▶ [Task brief]:
The answer should be one number: how many lines in the records below contain the word "transmission".

━━━ Working data ━━━

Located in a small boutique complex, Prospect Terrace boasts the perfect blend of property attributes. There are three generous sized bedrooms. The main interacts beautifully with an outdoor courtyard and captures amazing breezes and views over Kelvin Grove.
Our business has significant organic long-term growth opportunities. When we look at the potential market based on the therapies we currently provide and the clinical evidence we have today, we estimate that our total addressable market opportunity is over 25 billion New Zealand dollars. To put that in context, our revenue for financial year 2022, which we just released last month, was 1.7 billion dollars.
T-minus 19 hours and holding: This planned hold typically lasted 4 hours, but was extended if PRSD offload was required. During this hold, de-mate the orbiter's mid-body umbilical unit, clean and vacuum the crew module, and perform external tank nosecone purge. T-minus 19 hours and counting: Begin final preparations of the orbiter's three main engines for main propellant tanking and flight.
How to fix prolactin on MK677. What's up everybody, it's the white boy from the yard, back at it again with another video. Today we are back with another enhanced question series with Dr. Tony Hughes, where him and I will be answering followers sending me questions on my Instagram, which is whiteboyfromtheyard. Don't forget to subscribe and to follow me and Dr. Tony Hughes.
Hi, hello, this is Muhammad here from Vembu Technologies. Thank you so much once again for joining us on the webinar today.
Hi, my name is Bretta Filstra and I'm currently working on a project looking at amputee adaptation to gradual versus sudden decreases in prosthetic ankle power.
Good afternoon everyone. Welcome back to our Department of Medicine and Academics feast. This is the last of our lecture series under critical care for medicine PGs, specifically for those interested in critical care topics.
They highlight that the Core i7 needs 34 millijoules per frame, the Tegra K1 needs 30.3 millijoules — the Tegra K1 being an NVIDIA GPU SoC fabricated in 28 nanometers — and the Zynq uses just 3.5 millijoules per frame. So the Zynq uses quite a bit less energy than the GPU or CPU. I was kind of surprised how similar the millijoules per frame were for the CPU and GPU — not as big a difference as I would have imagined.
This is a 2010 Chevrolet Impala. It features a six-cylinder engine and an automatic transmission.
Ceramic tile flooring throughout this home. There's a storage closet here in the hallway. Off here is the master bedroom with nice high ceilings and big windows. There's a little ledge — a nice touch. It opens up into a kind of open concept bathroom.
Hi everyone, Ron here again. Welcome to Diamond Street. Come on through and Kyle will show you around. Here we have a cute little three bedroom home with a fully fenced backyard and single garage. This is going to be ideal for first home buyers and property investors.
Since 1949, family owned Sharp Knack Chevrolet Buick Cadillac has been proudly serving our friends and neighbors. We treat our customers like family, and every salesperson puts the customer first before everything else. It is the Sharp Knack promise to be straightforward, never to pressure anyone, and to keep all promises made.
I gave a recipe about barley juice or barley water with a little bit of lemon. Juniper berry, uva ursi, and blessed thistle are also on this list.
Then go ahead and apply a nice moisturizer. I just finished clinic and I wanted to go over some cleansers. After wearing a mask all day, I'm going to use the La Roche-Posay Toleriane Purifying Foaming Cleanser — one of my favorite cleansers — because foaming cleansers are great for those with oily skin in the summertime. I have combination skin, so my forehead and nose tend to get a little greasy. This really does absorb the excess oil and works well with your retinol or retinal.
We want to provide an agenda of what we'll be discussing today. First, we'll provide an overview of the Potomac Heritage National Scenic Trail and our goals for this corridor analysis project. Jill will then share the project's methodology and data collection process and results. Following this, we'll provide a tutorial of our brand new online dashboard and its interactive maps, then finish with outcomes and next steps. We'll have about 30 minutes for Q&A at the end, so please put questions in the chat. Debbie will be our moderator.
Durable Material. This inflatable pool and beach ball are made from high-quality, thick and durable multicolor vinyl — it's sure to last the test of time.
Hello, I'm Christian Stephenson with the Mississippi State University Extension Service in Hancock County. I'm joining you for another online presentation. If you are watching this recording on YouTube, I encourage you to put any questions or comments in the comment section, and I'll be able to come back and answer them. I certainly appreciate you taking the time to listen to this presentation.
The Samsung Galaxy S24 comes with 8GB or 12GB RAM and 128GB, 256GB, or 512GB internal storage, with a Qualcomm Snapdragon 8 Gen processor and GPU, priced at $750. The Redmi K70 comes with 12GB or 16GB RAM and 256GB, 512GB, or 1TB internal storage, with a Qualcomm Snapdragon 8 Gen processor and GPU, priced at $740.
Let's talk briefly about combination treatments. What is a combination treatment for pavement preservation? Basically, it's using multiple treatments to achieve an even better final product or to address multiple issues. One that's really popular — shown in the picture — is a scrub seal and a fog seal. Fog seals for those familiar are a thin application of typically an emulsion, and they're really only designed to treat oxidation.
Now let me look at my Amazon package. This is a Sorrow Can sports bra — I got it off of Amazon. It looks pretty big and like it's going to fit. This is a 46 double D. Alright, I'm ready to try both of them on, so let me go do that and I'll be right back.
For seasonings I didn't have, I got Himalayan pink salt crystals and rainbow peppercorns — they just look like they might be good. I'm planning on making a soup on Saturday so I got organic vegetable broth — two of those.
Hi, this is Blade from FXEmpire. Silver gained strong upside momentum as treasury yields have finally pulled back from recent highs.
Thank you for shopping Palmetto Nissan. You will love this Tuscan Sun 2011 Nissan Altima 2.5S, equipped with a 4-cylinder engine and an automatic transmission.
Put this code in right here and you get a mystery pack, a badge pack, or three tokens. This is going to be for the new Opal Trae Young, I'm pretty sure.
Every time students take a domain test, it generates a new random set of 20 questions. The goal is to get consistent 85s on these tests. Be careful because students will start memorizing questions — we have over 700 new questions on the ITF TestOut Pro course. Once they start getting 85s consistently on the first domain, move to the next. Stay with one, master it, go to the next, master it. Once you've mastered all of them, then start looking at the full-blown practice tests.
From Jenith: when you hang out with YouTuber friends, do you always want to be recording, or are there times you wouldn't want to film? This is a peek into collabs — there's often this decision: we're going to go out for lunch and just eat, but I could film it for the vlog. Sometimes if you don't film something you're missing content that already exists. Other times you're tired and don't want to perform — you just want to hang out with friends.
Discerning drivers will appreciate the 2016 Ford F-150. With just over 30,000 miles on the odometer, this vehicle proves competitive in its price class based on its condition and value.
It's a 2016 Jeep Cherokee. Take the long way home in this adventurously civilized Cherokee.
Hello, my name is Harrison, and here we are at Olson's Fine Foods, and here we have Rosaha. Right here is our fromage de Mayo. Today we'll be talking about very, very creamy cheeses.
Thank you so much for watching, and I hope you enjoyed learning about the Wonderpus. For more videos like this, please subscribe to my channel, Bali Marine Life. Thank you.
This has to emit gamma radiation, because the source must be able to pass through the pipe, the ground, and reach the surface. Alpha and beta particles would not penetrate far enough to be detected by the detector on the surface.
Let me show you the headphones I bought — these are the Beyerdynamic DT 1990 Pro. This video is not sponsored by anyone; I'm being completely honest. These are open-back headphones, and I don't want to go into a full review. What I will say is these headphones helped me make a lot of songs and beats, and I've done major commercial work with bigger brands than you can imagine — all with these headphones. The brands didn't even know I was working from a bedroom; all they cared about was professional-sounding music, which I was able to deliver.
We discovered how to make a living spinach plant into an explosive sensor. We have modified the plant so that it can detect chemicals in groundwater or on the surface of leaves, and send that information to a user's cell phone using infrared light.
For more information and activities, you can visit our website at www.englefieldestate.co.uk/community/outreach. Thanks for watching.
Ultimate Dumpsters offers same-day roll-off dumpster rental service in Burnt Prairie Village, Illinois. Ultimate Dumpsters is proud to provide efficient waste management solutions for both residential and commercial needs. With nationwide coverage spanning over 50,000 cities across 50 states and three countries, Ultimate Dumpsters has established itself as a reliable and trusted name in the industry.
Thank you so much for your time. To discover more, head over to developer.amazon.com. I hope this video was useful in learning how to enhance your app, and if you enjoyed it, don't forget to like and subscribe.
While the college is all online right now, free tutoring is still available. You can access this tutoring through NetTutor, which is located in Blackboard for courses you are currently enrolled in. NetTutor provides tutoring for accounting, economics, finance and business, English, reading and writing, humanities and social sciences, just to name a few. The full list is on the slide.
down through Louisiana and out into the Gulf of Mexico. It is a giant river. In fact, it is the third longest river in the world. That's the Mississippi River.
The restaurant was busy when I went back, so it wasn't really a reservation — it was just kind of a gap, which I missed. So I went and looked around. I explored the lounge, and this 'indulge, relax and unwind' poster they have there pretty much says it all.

━━━

▶ [Solution to the exercise]:
2